By all accounts, this has been quite a maple sugaring season. I have no idea if it's "one for the record books" - I'll leave maple sugar producers to sort that out - but our backyard operation informants tell me they have barely paused over the past month. And with temperatures still fluctuating between below freezing at night and above freezing during the day, the sap is still running. I assume it stops at some point, even if the weather is favorable, and I'll let you know when that happens. But for now, because not everyone has the great good fortune to be embedded with a local backyard maple sugaring operation (or to be on their email list), I thought I'd try to capture the flavor (yes, pun intended) of this uniquely New England experience by sharing excerpts from the past three weeks of emails sent out by our local head "sapmeister." Our three weeks begins on February 13, about four days after the first trees were tapped and buckets hung:
Wednesday, February
13
Seven of us gathered
sap today and hung 19 more buckets.
Thursday, February
14
Drip, Drip, Drip, Gush!
Friday, February
15
We will definitely be
tapping 20 to 30 more trees and getting more firewood in.
Saturday, February
16
We will get more sap
tomorrow. Then none for a few days while temperatures plummet.
Monday, February
18
Cold and windy today. No
sap run, of course. The buckets have from almost nothing to ¾" of sap
frozen solid in them.
Tuesday, February
19
We have 118 buckets to
visit. Come help if you can.
Friday, February
22
Last Tuesday we
collected 24 gallons of sap and threw out a lot of ice. The ice is almost all
water. Almost all of the maple sugar is left behind in the liquid. We save a
lot of firewood by throwing out the ice. If we put it in the evaporator we
would not only have to heat it up and convert the liquid water to steam, we
would also have to convert the ice to liquid water. The latter takes 80 calories
of heat per cubic centimeter of water compared to 1 calorie of heat per cubic
centimeter of water to raise the temperature of water 1 deg. C. Melting ice
takes a lot of firewood. I think I once calculated that it takes about 10% more
firewood to get syrup from ice sap than from liquid sap.
Saturday, February
23
This is promising to
be a really good season. Fantastic sugarin' weather so far, and more predicted.
Sunday, February
24
Prepare for MUD . . . . A good bit what happens in The Sugar
House is several people sitting around watching others work. Don't hesitate to
come just for the warmth of the fire and the smell of boiling syrup.
Monday, February
25 (morning)
Low last night was 28
deg.

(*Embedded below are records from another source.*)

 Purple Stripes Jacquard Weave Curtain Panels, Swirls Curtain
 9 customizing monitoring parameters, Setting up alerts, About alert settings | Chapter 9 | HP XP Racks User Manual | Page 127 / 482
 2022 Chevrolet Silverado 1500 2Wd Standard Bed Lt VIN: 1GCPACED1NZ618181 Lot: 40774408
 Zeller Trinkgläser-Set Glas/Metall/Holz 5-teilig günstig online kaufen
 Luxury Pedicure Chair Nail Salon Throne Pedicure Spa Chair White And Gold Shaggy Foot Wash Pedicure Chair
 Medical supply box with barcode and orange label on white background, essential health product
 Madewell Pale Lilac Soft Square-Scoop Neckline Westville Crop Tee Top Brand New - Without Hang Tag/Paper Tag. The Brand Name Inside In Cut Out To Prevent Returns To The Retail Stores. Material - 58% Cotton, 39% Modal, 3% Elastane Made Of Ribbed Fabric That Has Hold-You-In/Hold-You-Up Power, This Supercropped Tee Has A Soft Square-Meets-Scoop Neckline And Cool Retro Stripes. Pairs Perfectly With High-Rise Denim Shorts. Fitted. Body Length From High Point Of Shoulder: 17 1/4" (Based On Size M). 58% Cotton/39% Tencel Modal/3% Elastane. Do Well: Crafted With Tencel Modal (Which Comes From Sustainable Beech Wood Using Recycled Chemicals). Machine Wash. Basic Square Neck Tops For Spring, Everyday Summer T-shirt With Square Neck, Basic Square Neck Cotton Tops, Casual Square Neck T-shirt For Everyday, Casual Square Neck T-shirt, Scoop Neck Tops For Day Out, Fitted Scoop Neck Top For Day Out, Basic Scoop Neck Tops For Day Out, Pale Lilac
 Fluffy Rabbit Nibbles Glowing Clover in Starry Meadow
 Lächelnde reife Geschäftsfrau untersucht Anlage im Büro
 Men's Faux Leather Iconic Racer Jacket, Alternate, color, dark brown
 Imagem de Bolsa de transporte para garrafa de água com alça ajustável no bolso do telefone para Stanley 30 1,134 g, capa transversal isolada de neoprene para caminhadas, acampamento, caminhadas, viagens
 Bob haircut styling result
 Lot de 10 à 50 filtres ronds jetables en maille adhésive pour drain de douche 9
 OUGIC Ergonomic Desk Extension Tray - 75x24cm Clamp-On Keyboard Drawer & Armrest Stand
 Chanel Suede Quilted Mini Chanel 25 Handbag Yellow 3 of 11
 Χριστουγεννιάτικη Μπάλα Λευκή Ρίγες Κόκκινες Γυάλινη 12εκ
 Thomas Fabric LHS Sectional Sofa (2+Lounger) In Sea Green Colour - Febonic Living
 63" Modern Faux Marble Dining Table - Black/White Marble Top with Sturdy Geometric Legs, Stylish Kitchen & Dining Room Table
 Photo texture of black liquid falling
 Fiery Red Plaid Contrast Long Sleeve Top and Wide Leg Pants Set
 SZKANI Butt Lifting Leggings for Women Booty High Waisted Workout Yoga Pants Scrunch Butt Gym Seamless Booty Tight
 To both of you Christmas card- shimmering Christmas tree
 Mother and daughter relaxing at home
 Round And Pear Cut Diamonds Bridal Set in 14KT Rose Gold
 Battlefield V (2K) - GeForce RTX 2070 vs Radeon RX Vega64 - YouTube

F. High today predicted to be 41 deg. F, then down to 22 and back up to 42
Tuesday. I keep pinching myself to be sure I'm not dreaming. This could hardly
be better. Yesterday we got almost all of the syrup from our first 420 gallons
of sap canned.
Monday, February
25 (night)
We collected a
whopping 122 gallons of sap from 122 buckets. Yup, exactly one gallon per
bucket.
Tuesday, February
26
We collected a
whopping 129 gallons of sap from 126 buckets. That's even more than the one
gallon per bucket we got yesterday. Another really good run. Last night, like
the night before, the sap kept dripping until the temperature dropped below
freezing, then started dripping again this morning when the temperature rose
above freezing. That was a long time dripping, even more so than last night
because the temperature was below freezing only for a short time. In fact, I
thought it probably wasn't a cold enough night to produce a good sap flow today.
Wrong!
Wednesday, February
27
It's raining, light
but steady. Mud everywhere. We even have puddles in The Sugar House.
Thursday, February
28 (morning)
Little dripping in the
sugarbush. We need a cold night. Maybe that will be Friday night according to
the weatherman. . . . It did run some before the lack of cold nights had their
insidious effect.
Thursday, February
28 (evening)
- 1:30 p.m. to whenever:
- Wash the filters that we used yesterday
- Inventory syrup
- Wash and store jars of syrup that we canned
yesterday
- Can the remainder of the syrup that we have on
hand
- Wash stuff, stuff and more stuff
- Split wood and bring it in
3:30 p.m. to whenever but not later than 5:30-6:00 p.m.
- COLLECT SAP (highest priority)
- Split wood and bring it in
Friday, March 1
I'm using a lot of
exclamation marks this year. The season deserves it so far.
Sunday, March 3
(12:56 AM)
The hot dogs cooked in
maple syrup were very good today (Saturday). . . . I’ll restart the boil
tomorrow (Sunday) morning early and keep it going until about noon. I'll also
build a platform around the sap barrels. The mud is getting quite annoying.
Monday, March 4 (afternoon)
Our total to date is
21.7 gallons of syrup from 935 gallons of sap (43:1). We don't know what to make of the Batch #3
ratio of 36, then the Batch #4 ratio of 57.
That's what our records show. ??
Monday, March 4 (evening)
Did it get cold enough
last night? YES
Will it get warm
enough today? YES
Will we have sunshine?
Not much, but it didn't seem to matter.
And what don't you understand about "all the time, anytime"?